Building on our blog habitable properties, we are now looking at who is responsible for what, when there is an issue relating to repair or maintenance at a property.  Both landlords and tenants will have a vested interest in keeping their mutual property in repair - landlords so that they can protect their investment, and tenants so that they have a safe home to live in and be proud of.  Who (the landlord or tenant) is responsible for what repair and maintenance in or at the property, though, is often a point of dispute, and this article aims to simplify those responsibilities. 

The Landlord and Tenant Act 1985

The repairing provisions of the Landlord and Tenant Act 1985 (“the Act”) apply to short leases of residential property such as Assured Shorthold Tenancies for 7 years or less.  Section 11 of the Act states that the landlord is responsible for keeping the following in repair and proper working order: 

  • The structure and exterior of the property (including drains, gutters and external pipes)
  • The installations for the supply of water, gas and electricity and for sanitation (including basins, sinks, baths and sanitary conveniences, but not other fixtures, fittings and appliances for making use of the supply of water, gas or electricity)
  • The installations for space heating and heating water.

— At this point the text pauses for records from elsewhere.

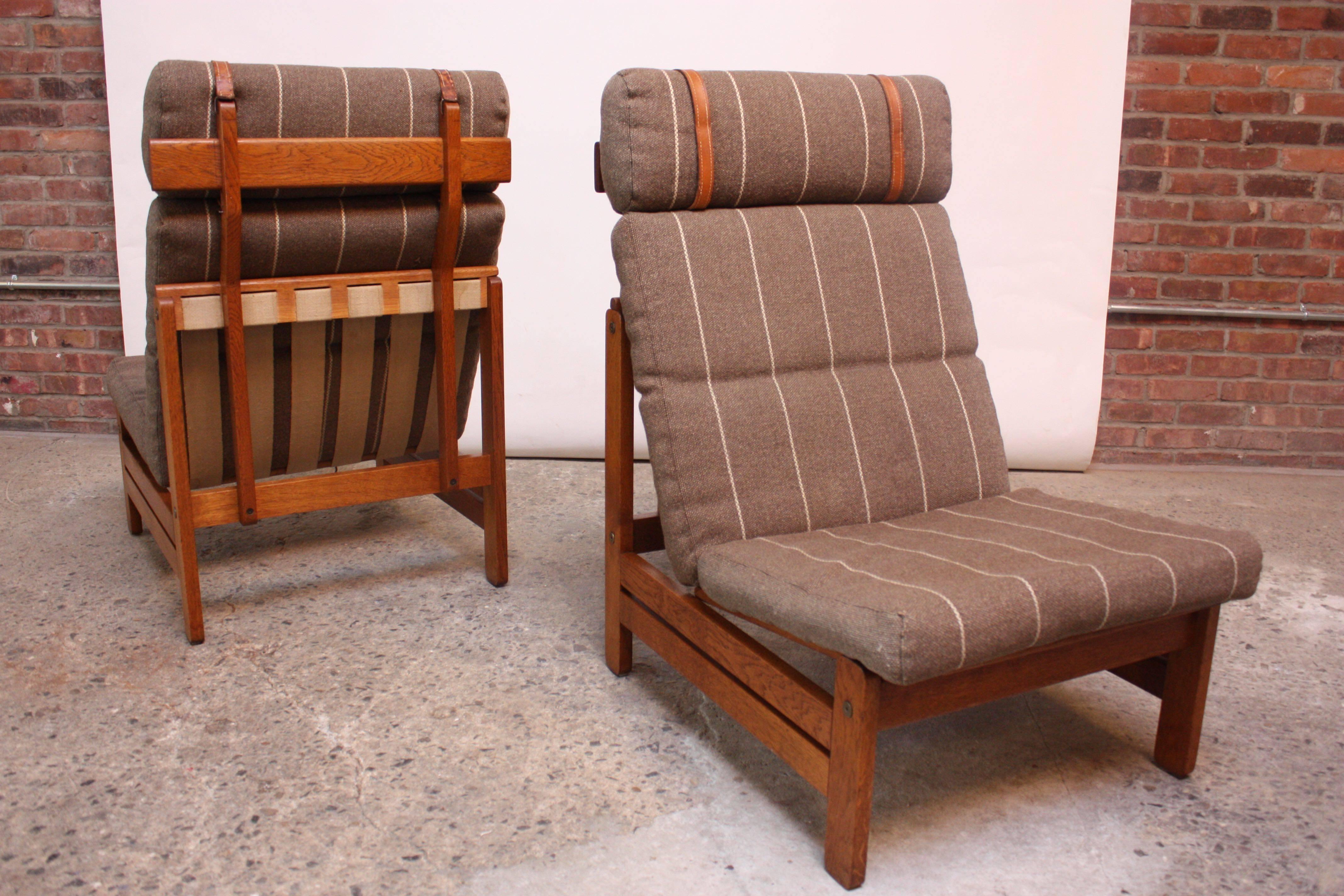 Mid-20th Century Pair of Danish Modern Safari-Style Lounge Chairs by Borge Mogensen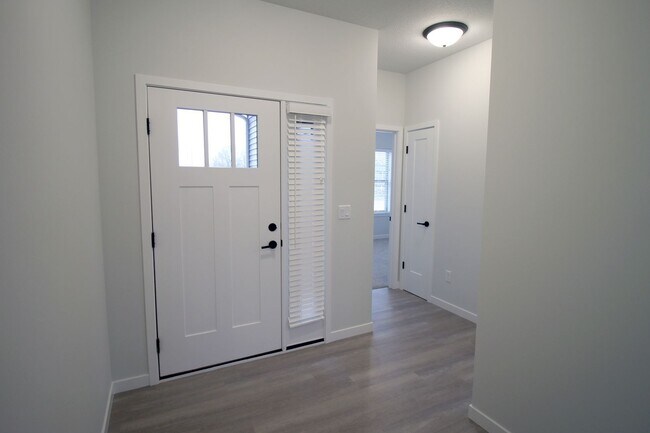 Building Photo - 2206 Rocky Ln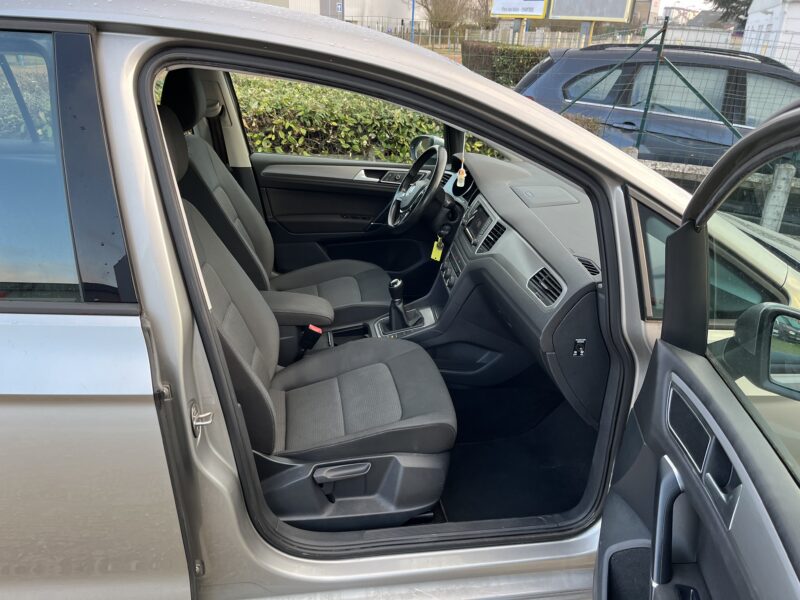 VOLKSWAGEN GOLF SPORTSVAN VII 2014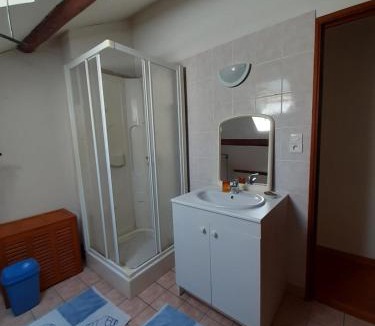Beurieres House | La maison du châtaignier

Instances where the landlord is not responsible are also set out in section 11 of the Act: 

  • To carry out works or repairs for which the tenant is liable by virtue of his duty to use the property in a ‘tenant-like manner’, or would be so liable but for an express covenant on his part.
  • To rebuild or reinstate the property in the case of destruction or damage by fire, or by tempest, flood or other inevitable accident.
  • To keep in repair or maintain anything which the tenant has brought in and is entitled to remove from the property.

The Act also provides that in determining the standard of repair required by the landlord, the age, character and prospective life of the property and the locality in which it is situated should be considered. 

The Act provides a legal minimum standard of repair, by the landlord.

A ‘tenant like manner’

The phrase ‘tenant-like manner’ was coined in the case of Warren v Keen 1953 – a leading case concerning a tenant’s repairing responsibilities and one which is often credited with defining the responsibilities of landlords and tenants in maintaining rented property.  The landlord put to the court that tenants should behave in a tenant-like manner, but what does behaving in a tenant like manner really mean?  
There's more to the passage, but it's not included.